A conservation technology team at WWF-UK has produced a series of best-practice guidelines for three key data collection techniques—camera trapping, passive acoustic monitoring, and remote sensing through Light Detection and Ranging (LiDAR).

The group consulted experts in each method to compile the extensive peer-edited information now freely available through a website and downloadable guidance documents.

Paul Glover-Kapfer, WWF-UK’s Conservation Technology adviser, explained in an email to Mongabay-Wildtech, “We saw a lack of accessible information as one of the primary barriers to the effective use of conservation technologies. Paywall restrictions coupled with the high technical complexity and scattered nature of that information contributed to that barrier, and the downloadable guidelines and website are our attempt to breach it.”

Arunachal macaque caught on camera in Eaglenest Wildlife Sanctuary, India
Arunachal macaque caught on camera in Eaglenest Wildlife Sanctuary, India. Photo credit: Nandini Velho CC 3.0

Online tech basics

The website briefly introduces each technique—acoustic monitoring, camera trapping, or LiDAR—and where and how it is used. It also answers some specific Frequently Asked Questions (FAQs) about how the relevant technology works, how the data are collected and analyzed, and how it compares to similar techniques.

An Assessment for each method takes readers through an interactive series of questions to determine their level of knowledge of the technology and goals for using it in the field. It uses the reader’s answers to provide Instant Advice on deploying the technology to match the project goals, status, and location.

Options for learning about three key data collection techniques--camera trapping, LiDAR, and acoustic monitoring-- on the Conservatioin Technology website.
Options for learning about three key data collection techniques–camera trapping, LiDAR, and acoustic monitoring– on the Conservatioin Technology website. Image credit: WWF-UK

For example, the photo data needed to identify individual animals differ from those needed to merely confirm the presence of a species. The Instant Advice in the website’s camera trapping section, therefore, offers suggestions for camera features for a particular species and goal (e.g. an infrared flash, fast trigger speed, and wide angle detection for bird studies), the number and potential spatial layout of the cameras, and a minimum study duration. The camera trapping advice also identifies potential challenges that have been experienced by other users, as well as software for analyzing the data (e.g. MARK for Mark-Recapture data, EstimateS or the ‘vegan’ package in R for assessing species diversity).
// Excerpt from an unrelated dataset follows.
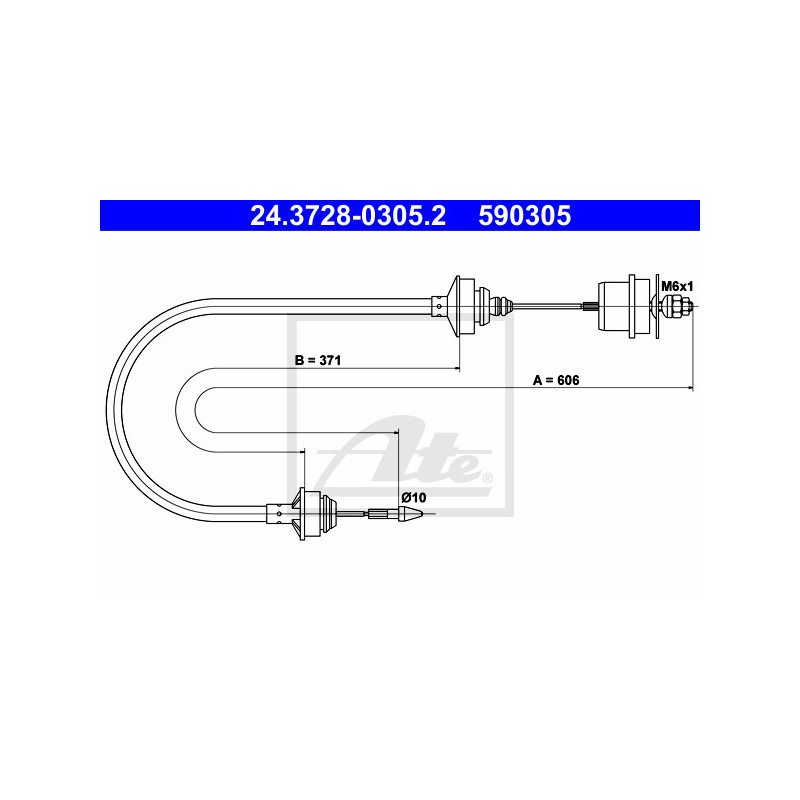 Cable d'embrayage ATE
By comparison, most users will purchase, rather than collect, vegetation structure data produced with LiDAR, so the LiDAR FAQs and assessment provide advice on acquiring, processing, and using the data for different aims and vegetation types.

LiDAR image comparing old growth forest to a new tree plantation.
Light Detection And Ranging (LiDAR) image comparing old growth forest, on the right, to a new tree plantation, on left. LiDAR uses a laser to measure distance from a remote source (an airplane or ground sensor) and produces a 3-dimensional view of the surveyed vegetation from the bounce back of pulses emitted by the sensor. Photo credit: Sarah Frey, Oregon State University, CC 2.0

Results display with drop-down menus that readers can then select individually to produce different answers. The online answers are brief and direct interested readers to specific sections of the associated best-practice guidelines documents available for download as PDF files.
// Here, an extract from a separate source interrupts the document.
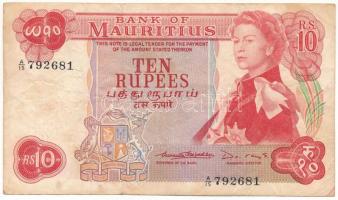 Mauritius DN (1967) 10R T:F Mauritius ND (1967) 10 Rupee C:F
Detailed advice for project planning and implementation

Those planning a project using one or more of these approaches will want to consult the extensive guidelines for the appropriate technology, as well as one or more of the peer-reviewed studies provided in each series, for more information. The PDF guidelines documents have a structure similar to that of the website but with much more extensive and detailed information on:

  • How the technology works
  • History and emerging trends
  • What it is used for and examples of applications for conservation
  • Desired features for specific cameras and acoustic sensors
  • Current models and costs of various levels of quality and features
  • National sources of available LiDAR data
  • Costs of various levels of quality and features (cameras, acoustic)
  • Benefits and limitations
  • Assessing its applicability to your project
  • How to design and execute a study (cameras, acoustic)
  • Tips for use of cameras and acoustic sensors in the field
  • Challenges and realities in the field
  • How to manage and analyze the data (cameras, LiDAR)
  • What to do with the data
  • Substantial list of references for published studies that have used the technologies.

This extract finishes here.